*** Opening of PROVIDED INFORMATION ***

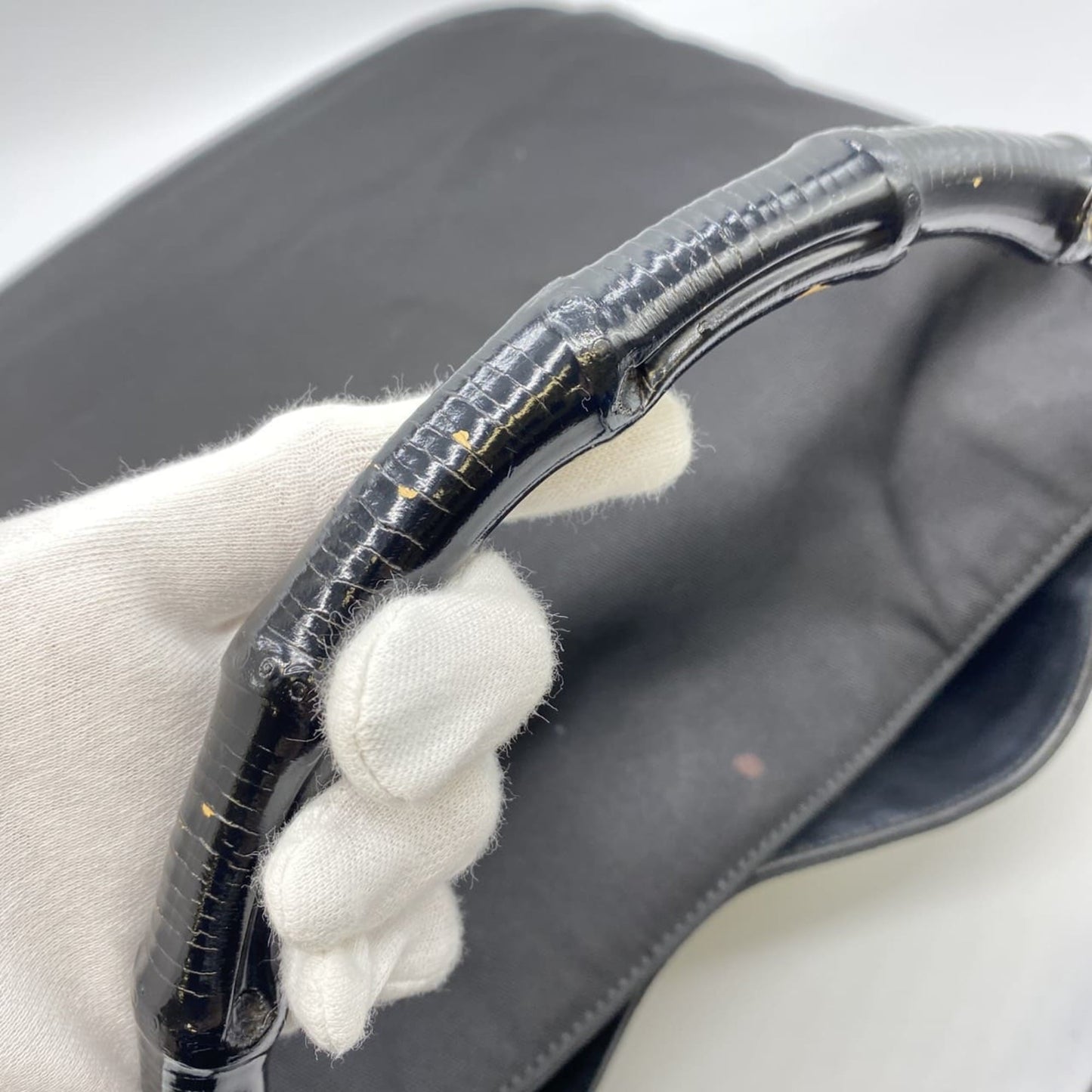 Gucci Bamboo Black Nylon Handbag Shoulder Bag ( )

*** Close of PROVIDED INFORMATION ***
*** Opening of PROVIDED INFORMATION ***

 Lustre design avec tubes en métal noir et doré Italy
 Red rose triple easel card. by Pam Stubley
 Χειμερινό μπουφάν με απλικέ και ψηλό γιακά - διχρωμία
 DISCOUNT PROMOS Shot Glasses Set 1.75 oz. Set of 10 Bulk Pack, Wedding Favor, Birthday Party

*** Close of PROVIDED INFORMATION ***

§ **TO DO**
Using the entries above, output exactly the lines between the line holding "Χειμερινό μπουφάν με" and the line holding "DISCOUNT PROMOS Shot", end lines included, and nothing more.

§ **TASK RESPONSE**
 Χειμερινό μπουφάν με απλικέ και ψηλό γιακά - διχρωμία
 DISCOUNT PROMOS Shot Glasses Set 1.75 oz. Set of 10 Bulk Pack, Wedding Favor, Birthday Party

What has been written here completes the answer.